• [Supplied records]
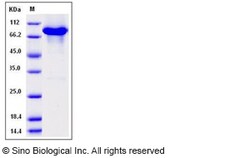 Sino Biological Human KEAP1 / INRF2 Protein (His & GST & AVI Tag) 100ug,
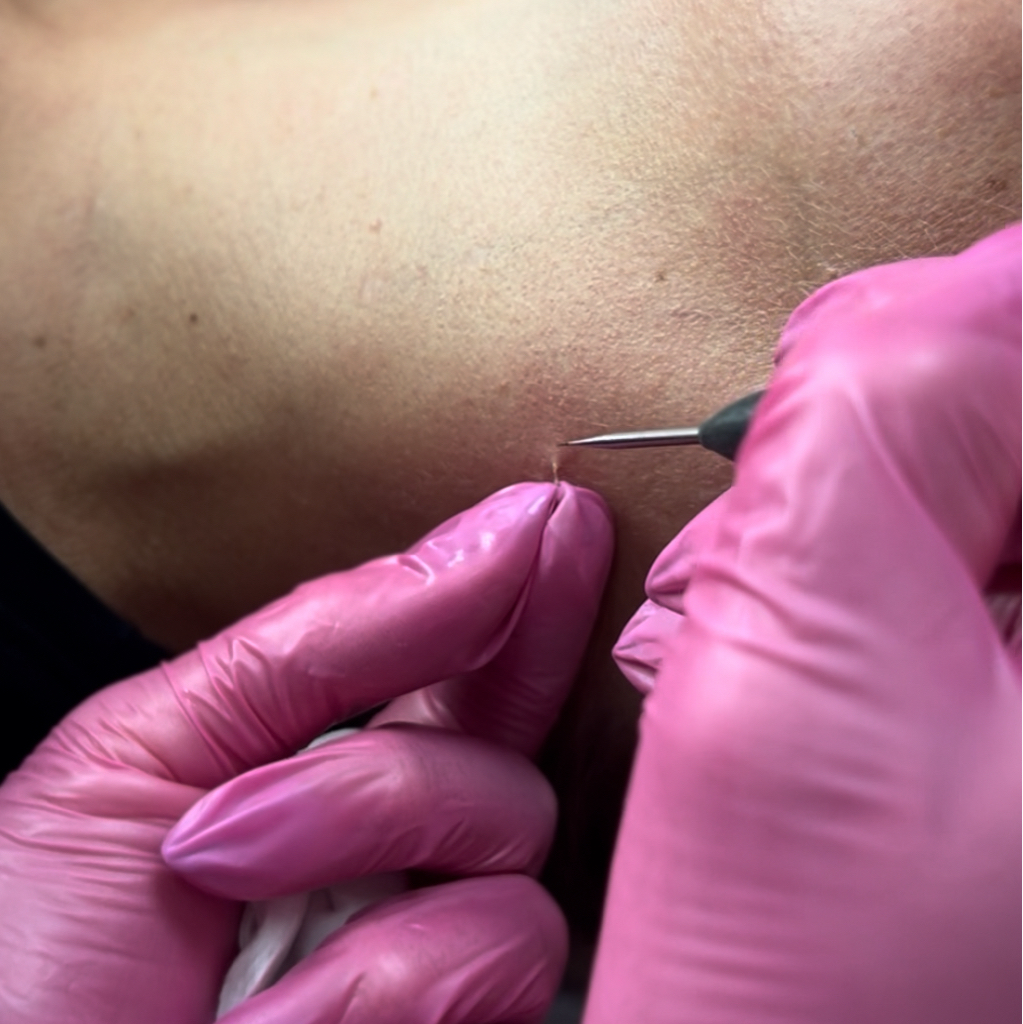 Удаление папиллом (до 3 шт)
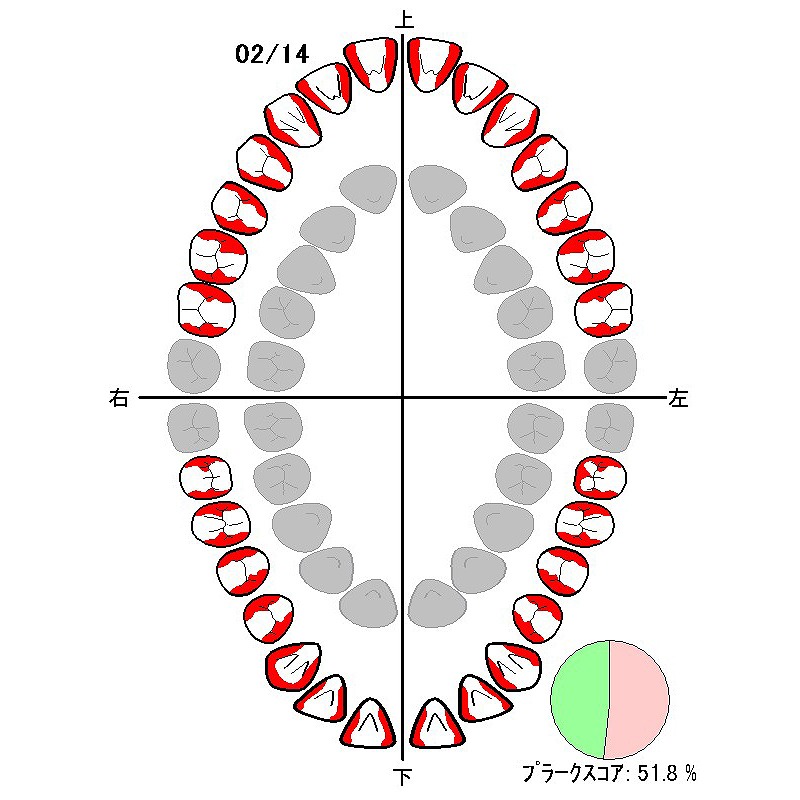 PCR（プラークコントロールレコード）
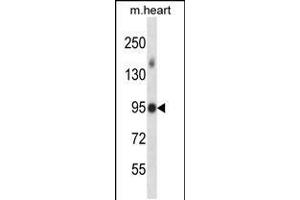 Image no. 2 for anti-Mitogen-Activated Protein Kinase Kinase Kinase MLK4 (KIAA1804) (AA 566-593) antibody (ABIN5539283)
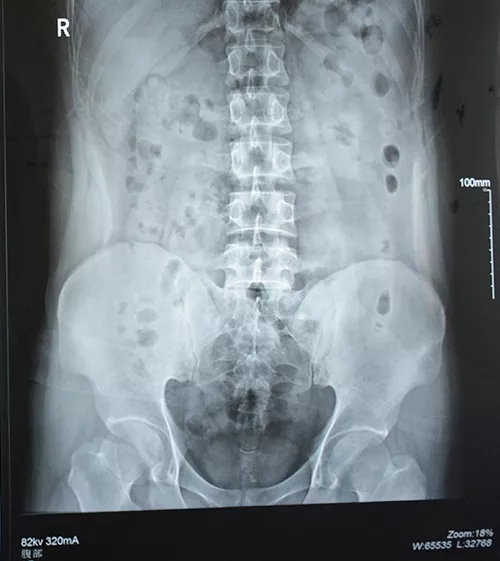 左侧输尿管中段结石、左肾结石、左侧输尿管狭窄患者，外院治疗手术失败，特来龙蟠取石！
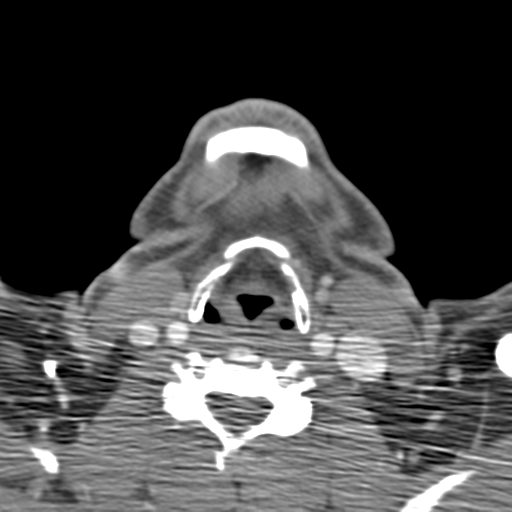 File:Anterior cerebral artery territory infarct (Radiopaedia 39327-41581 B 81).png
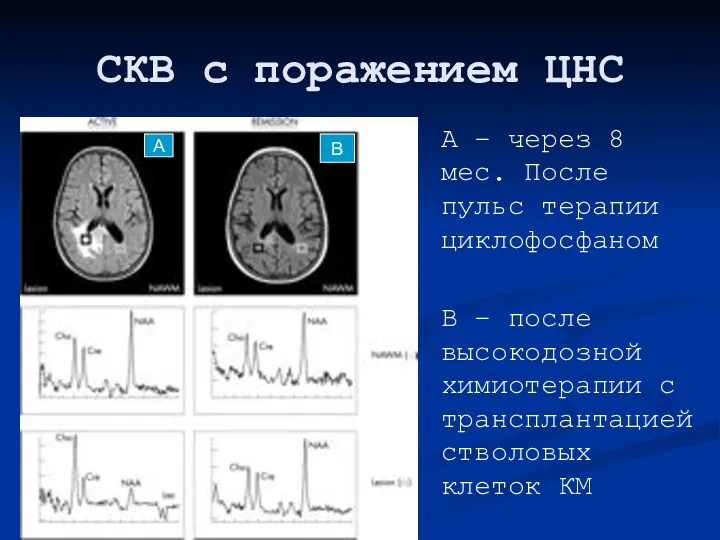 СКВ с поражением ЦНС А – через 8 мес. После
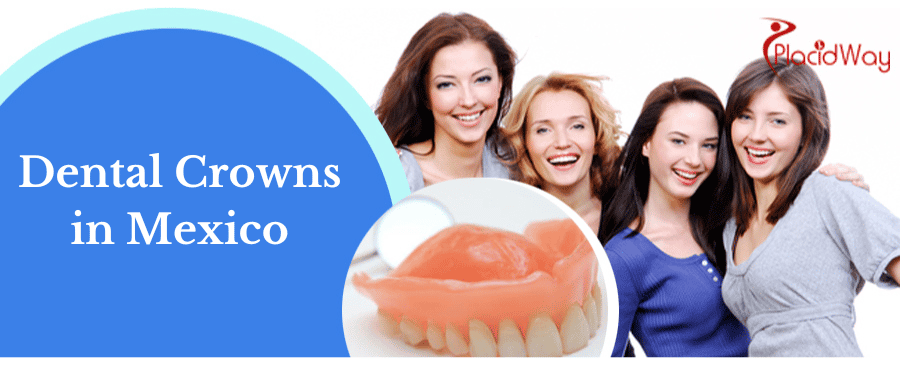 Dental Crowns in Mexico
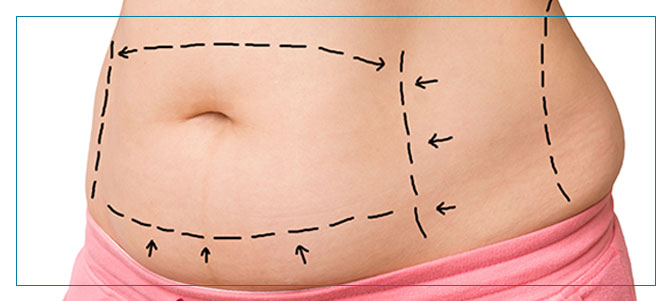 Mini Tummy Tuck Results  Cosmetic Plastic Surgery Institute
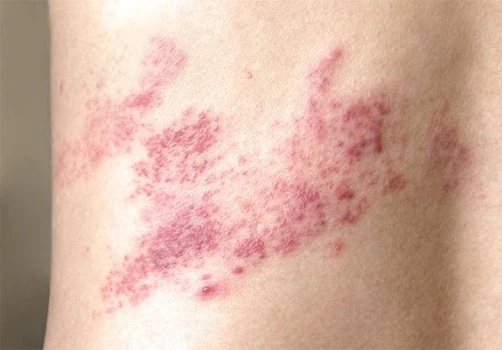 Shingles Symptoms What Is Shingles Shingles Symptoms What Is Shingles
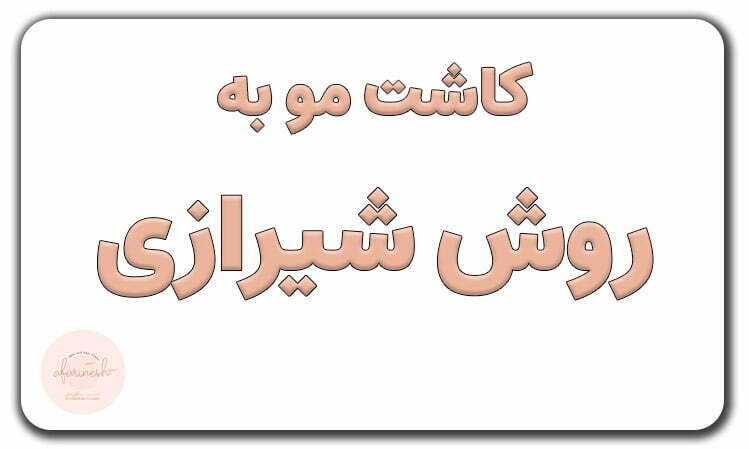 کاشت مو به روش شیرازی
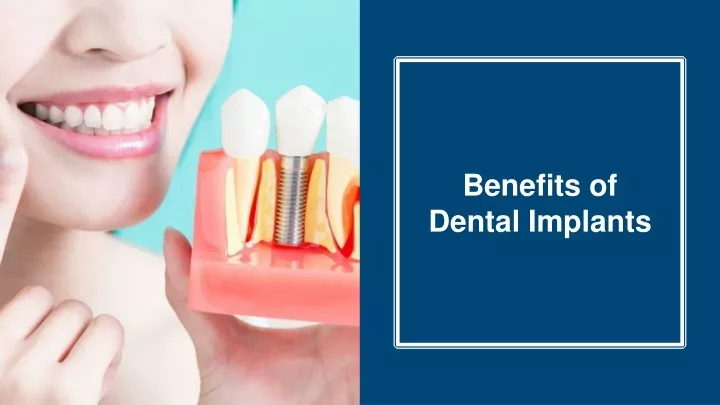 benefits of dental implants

• [What the task asks]
In the listing above, find the line with "Удаление папиллом (до 3 шт)" and the line with "File:Anterior cerebral artery". Output both, plus every line between them, and no pictures.

• [Exercise response]
 Удаление папиллом (до 3 шт)
 PCR（プラークコントロールレコード）
 Image no. 2 for anti-Mitogen-Activated Protein Kinase Kinase Kinase MLK4 (KIAA1804) (AA 566-593) antibody (ABIN5539283)
 左侧输尿管中段结石、左肾结石、左侧输尿管狭窄患者，外院治疗手术失败，特来龙蟠取石！
 File:Anterior cerebral artery territory infarct (Radiopaedia 39327-41581 B 81).png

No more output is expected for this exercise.